A decisão do ministro André Mendonça sobre o destino dos inquéritos que envolvem Fábio Luís Lula da Silva, o Lulinha, promete colocar novamente o Supremo Tribunal Federal no centro de uma disputa política e jurídica. A Procuradoria-Geral da República pediu que as investigações sejam remetidas à primeira instância, sob o argumento de que não há investigados com foro privilegiado que justifique a permanência dos casos no STF. A palavra final, porém, caberá a Mendonça.
A expectativa, segundo informações divulgadas nesta quinta-feira, é que o ministro não siga a manifestação da PGR e mantenha no Supremo os dois inquéritos que estão sob sua relatoria. Mendonça considera que há elementos que justificariam a permanência dos casos na Corte, inclusive referências a autoridades detentoras de foro.

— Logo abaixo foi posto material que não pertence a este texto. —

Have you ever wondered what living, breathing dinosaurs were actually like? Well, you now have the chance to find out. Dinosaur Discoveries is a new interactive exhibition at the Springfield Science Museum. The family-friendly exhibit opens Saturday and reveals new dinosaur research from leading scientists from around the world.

É justamente aí que a questão ganha dimensão política. Se a própria PGR entende que não há razão jurídica para que os inquéritos continuem no STF, a permanência deles na Corte exigirá uma justificativa especialmente sólida. Não basta a impressão de que um caso ganhou importância política: competência judicial precisa ser sustentada por fundamentos jurídicos claros e verificáveis.

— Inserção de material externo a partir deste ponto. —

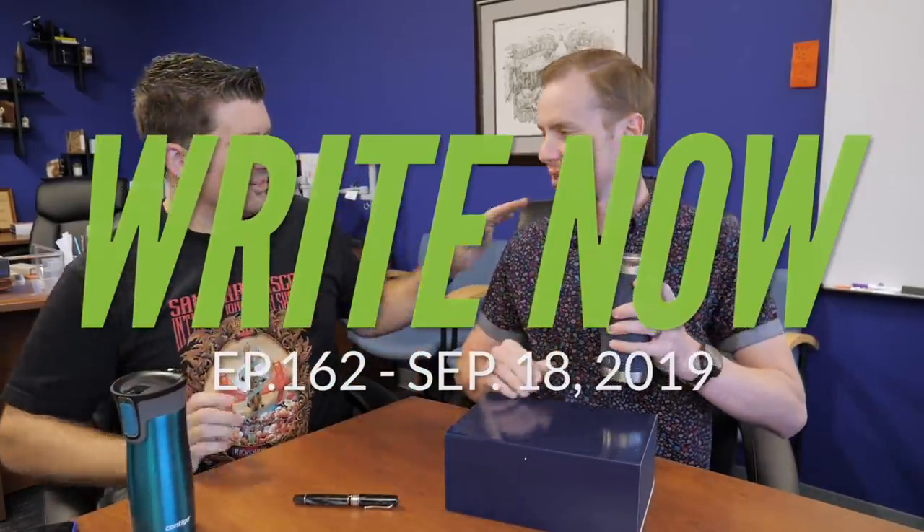All right. I'm ready. I'm ready too. Cheers Drew. Look at that. Look at your shirt — we have kind of a common thing going on here.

O episódio também expõe uma contradição que merece atenção. De um lado, a PGR defende que os casos desçam para a primeira instância. De outro, Mendonça pode optar por mantê-los no tribunal. Se isso acontecer, a sociedade terá o direito de perguntar quais são exatamente os fundamentos que tornam o STF indispensável para conduzir essas investigações.
Os inquéritos apuram suspeitas de tráfico de influência envolvendo Lulinha, a lobista Roberta Luchsinger e negociações relacionadas a um projeto de medicamentos à base de canabidiol junto ao governo federal. Lulinha não foi indiciado e sua defesa nega irregularidades, além de questionar os vazamentos das investigações.
Portanto, é preciso separar investigação de condenação. Ser investigado não significa ser culpado. Mas, justamente por isso, o caminho mais importante é garantir uma apuração tecnicamente rigorosa, transparente e submetida ao juiz competente — sem privilégios, mas também sem perseguição.
Se Mendonça decidir manter os inquéritos no STF contra a posição da PGR, a decisão inevitavelmente será escrutinada. E quanto mais politicamente sensível for o caso, maior deve ser a transparência sobre os fundamentos jurídicos utilizados.
O Supremo não pode se transformar em palco de disputas políticas. Tampouco pode parecer que processos permanecem em determinada instância simplesmente porque isso interessa a algum lado. A Justiça precisa demonstrar, acima de tudo, que não escolhe seus caminhos de acordo com o personagem investigado.
No caso de Lulinha, portanto, a pergunta central não deveria ser se Mendonça está contra ou a favor de Lula. A pergunta é outra, muito mais simples e muito mais séria: qual é a razão jurídica para esses inquéritos permanecerem no STF se a PGR afirma que não existe foro privilegiado que justifique isso?
É essa resposta que Mendonça terá de apresentar. E quanto mais contundente for sua decisão de contrariar a PGR, mais contundente também precisará ser sua fundamentação.